All das findet in „Grand Finale“ seine Bestätigung. Shechter hat darin die vorläufigen Ergebnisse seiner bisherigen Recherche in einer großartigen, reifen Arbeit gebündelt. Die Bühnenelemente von Tom Scutt bewegen sich als Teil der Choreografie lautlos schwebend über die Bühne, schaffen im Zusammenspiel mit dem präzisen, außergewöhnlichen Lichtdesign von Tom Visser immer wieder neue Raumsituationen und Handlungsspielräume, sind Grenzmauer, Klagemauer, Gefängnis oder einfach Raumteiler.
„Tanzt, tanzt, sonst sind wir verloren.“ Pina Bausch‘ dringende Aufforderung findet bei Hofesh Shechter ihren kongenialen Nachhall. Die Bewegungen perlen vom Zentrum in die Gliedmaßen, vom Kopf bis zum Fuß winden sie sich durch die Tänzerkörper in ständigem Fluss, in stetigen Verwandlungen, Anpassungen, Verwerfungen – und das mit unglaublichem Tempo. Die körperliche Durchlässigkeit, die er ehemaliger Tänzer der Batsheva Dance Company mit Naharins Gaga-Stil erfahren hat, prägt auch Shechters tänzerische Arbeit.
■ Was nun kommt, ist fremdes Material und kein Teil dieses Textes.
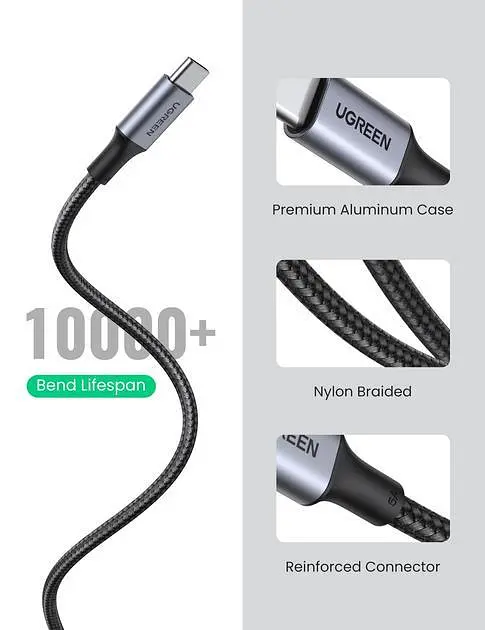 Кабель UGREEN US316 USB-C to USB-C 100W QC4.0 PD3.0 5A 3m Black (90120) - фото 6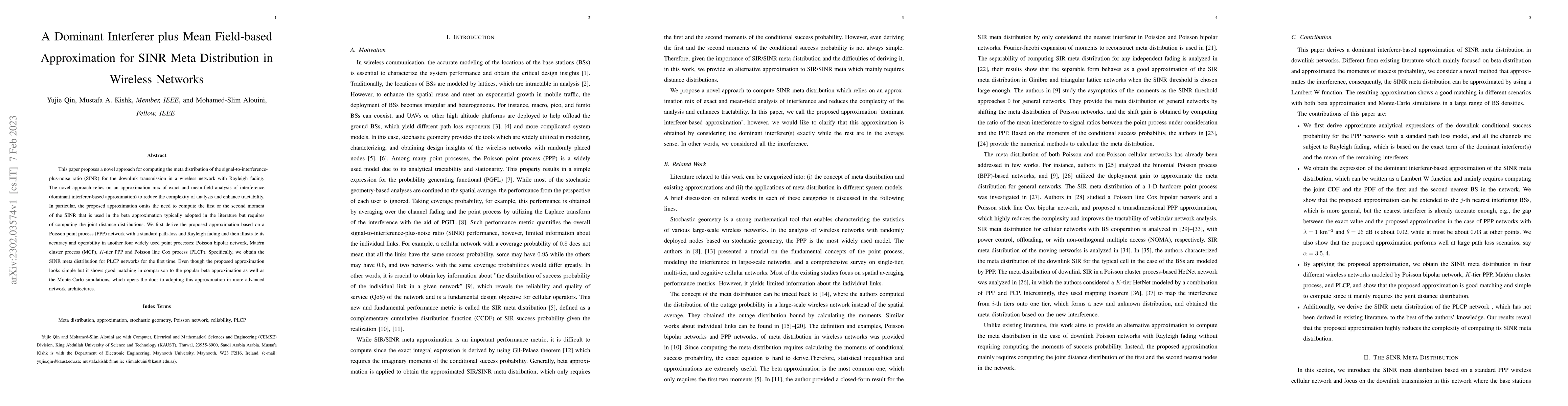 Thumbnail for A Dominant Interferer plus Mean Field-based Approximation for SINR Meta
  Distribution in Wireless Networks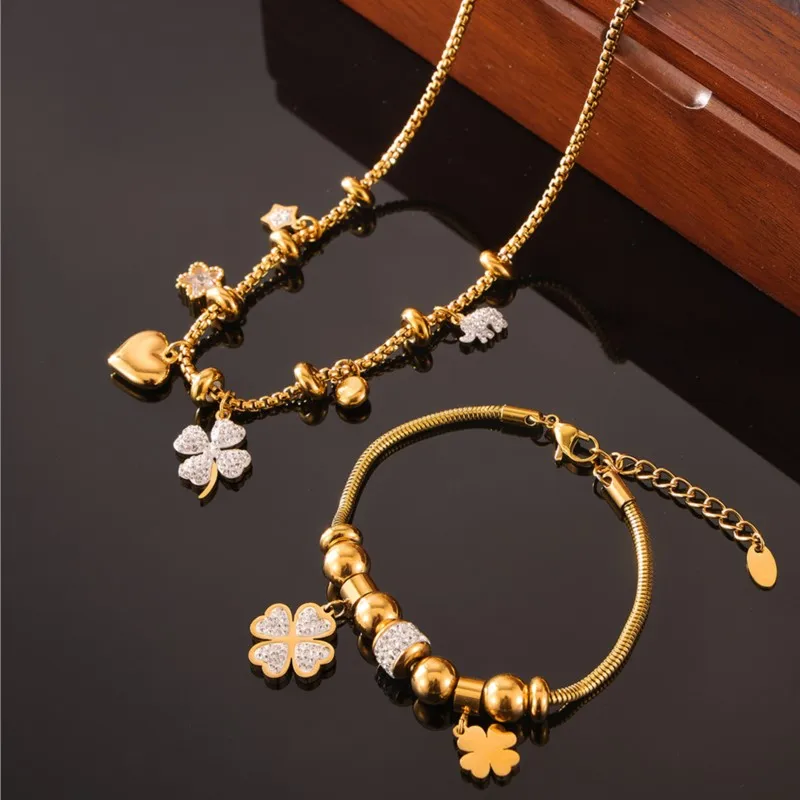 Elegant Women\'s Clover Pendant Necklace Bracelet Gold Color Stainless Steel Neck Chain Necklaces Bracelets Jewelry Set For Women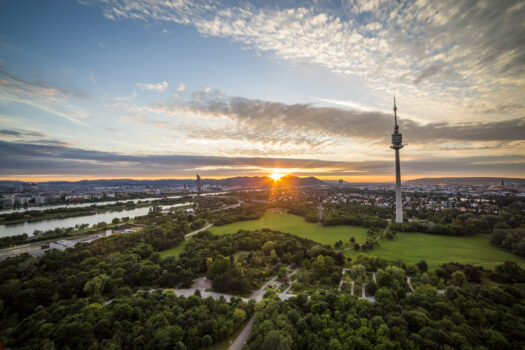 Austria, Vienna, sunset, cityscape, danube tower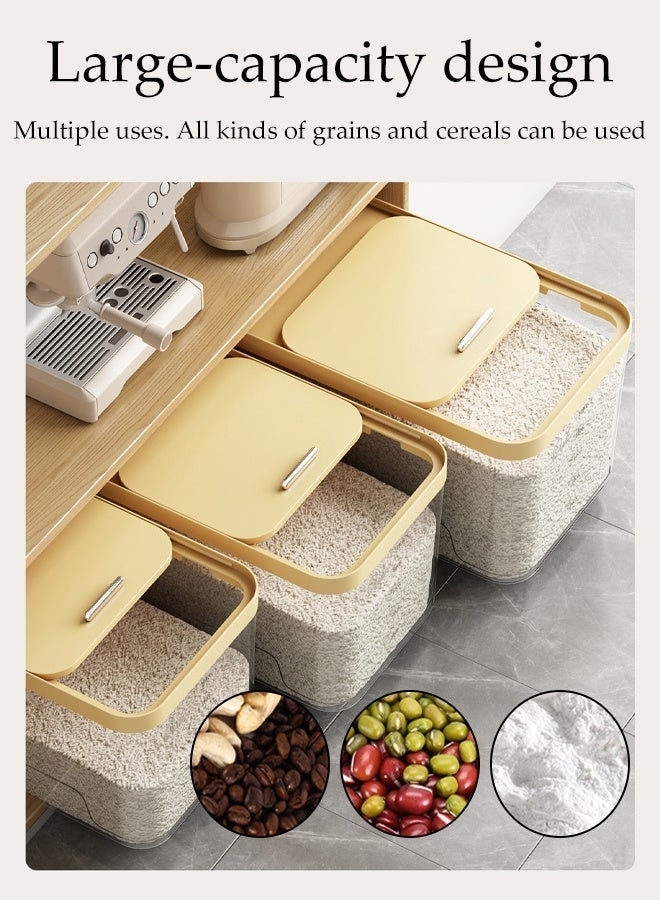 DUNISO Rice Dispenser with Lid, Airtight Foods Container, Transparent Rice Sealed Bucket, BPA Free Kitchen Rice Storage Container with Measuring Cup, Kitchen Organizers for Storage Flour, Pet Foods, Grains (5kg） - Image 5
Durch die Zusammenarbeit mit Nell Catchpole und Yaron Engler wurde Shechters musikalischer Score zu einer differenzierten Klangkulisse, die die Dringlichkeit der choreografischen Bilder unterstreicht. Im Gegensatz zum legeren Outfit der TänzerInnen, sind die MusikerInnen, die als Teil der Choreografie ihre Plätze auf der Bühne ständig wechseln, ganz formal mit Frack und weißem Hemd gewandet.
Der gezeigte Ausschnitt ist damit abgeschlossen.